This file picture shows Anil Kakodkar, Chairman, Atomic Energy Commission (extreme left), and B. Bhattacharjee, Director, Atomic Research Centre (centre), at the reverse osmosis section of the nuclear desalination plant at Kalpakkam. The plant was commissioned more than 18 months ago. - Photo: K. Gajendran

CHENNAI, JAN. 24. A mobile desalination plant that will be mounted on a barge, moving some metres off the coastline, is under development at the Bhabha Atomic Research Centre (BARC), Trombay. It can desalinate seawater or brackish water into potable water, and supply it to the villages on the shore. It can also be mounted on a trailer or a vehicle on land, and desalinate water at places where there is water scarcity.

Anil Kakodkar, Chairman, Atomic Energy Commission, told The Hindu: "This barge-mounted desalination plant is under development" at the BARC. "It will be ready by the end of the Tenth Plan, may be in 2006 or 2007. People are working out the engineering details," he said. It will produce 30 tonnes to 50 tonnes of drinking water a day.

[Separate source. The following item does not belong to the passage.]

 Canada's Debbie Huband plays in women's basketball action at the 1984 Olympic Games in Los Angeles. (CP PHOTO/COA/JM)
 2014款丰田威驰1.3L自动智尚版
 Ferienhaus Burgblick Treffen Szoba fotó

"It can go on any platform. It can go by water route or land route. But the first idea is to put it on a barge," the AEC Chairman said. On the sea, it would float, depending on the draught. "The barge may be able to come within 10 metres of the shore," he said. But there should be a storage tank on the shore, which can be filled with the water desalinated. Similarly, if it is trailer-mounted, it can be parked near a storage tank that can be filled with fresh water. Pipes from the mobile desalination plant will fill the storage tanks with purified water.

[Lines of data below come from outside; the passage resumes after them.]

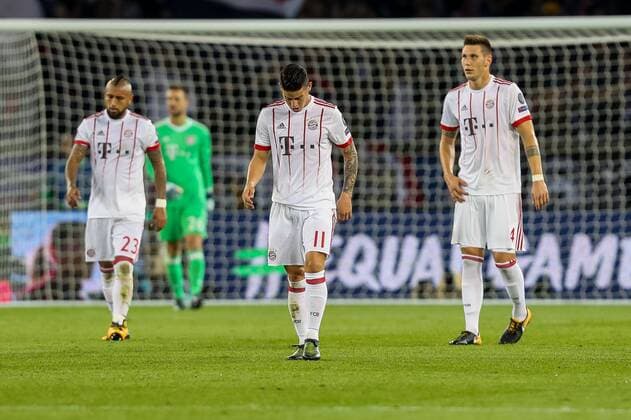 Paris, Frankreich, 27.09.2017, UEFA Champions League - 2017 18 Season, 2nd game day, FC Paris Saint-Germain - FC Bayern Muenchen, Arturo Erasmo Vidal (FCB) James Rodriguez (FCB) Niklas Suele (FCB) enttaeuscht, enttaeuschung ( DeFodi048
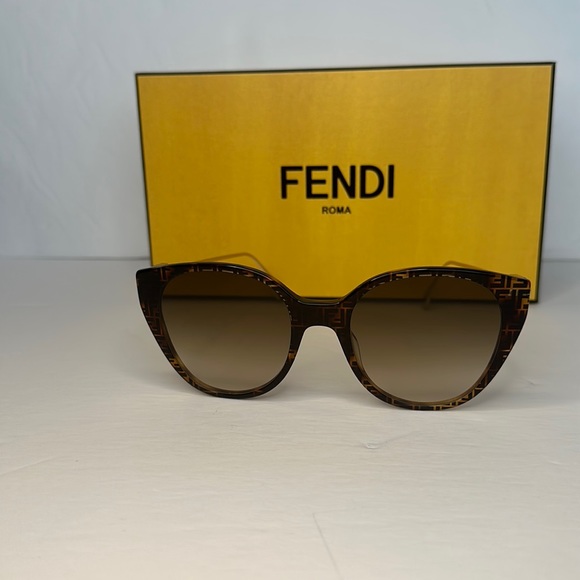 New Authentic 💯FENDI Brown Gradient Cat Eye Ladies Sunglasses FE40047I 55F 54 - Picture 3 of 12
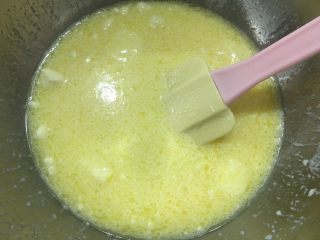 Q弹双色麻薯豆沙卷,融化好之后倒入鸡蛋，牛奶，一起搅拌好。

In another important development, a massive desalination plant that will produce 45 lakh litres of potable water a day will start functioning in six months at Kalpakkam, 55 km from Chennai. "Work is progressing fast on that," he said. It would use multi-stage flash (MSF) technology. A big desalination plant, that produces 18 lakh litres of potable water a day, is already functioning at Kalpakkam for more than 18 months now. This uses reverse osmosis technology. The18 lakh litres of water are used at the Kalpakkam site, where there are several nuclear facilities.

When it becomes functional, the entire plant with a capacity of 63 lakh litres a day will be the world's largest seawater hybrid desalination plant to be coupled to a nuclear power station. These two plants are located adjacent to the Madras Atomic Power Station (MAPS), Kalpakkam, which has two reactors generating electricity. These two desalination plants are linked to the MAPS, and have been built by the Desalination Division, BARC, Trombay.

In the MSF process, which the 45-lakh litre a day desalination plant will use, seawater is evaporated by using steam. It will make use of the low-pressure steam obtained from the turbines of the MAPS. This evaporated seawater at above atmospheric pressure is led to a lower pressure unit, which results in the release of vapour that is condensed to get potable water. In the reverse osmosis process, saline water or effluent water is forced through a semi-permeable membrane in excess of osmotic pressure and potable water is produced. The membrane, made of polymeric material, has big and small pores. Big tanks filled with layers of pebble, sand and activated carbon remove suspended salt particles from the water.

Dr. Kakodkar added, "We have a big desalination plant at Kalpakkam. We want to grow on that experience."

From 1975, the BARC, the premier Research and Development centre of the Department of Atomic Energy, has erected a number of desalination plants in Andhra Pradesh, Gujarat, Rajasthan, Port Blair and on the BARC campus itself at Trombay.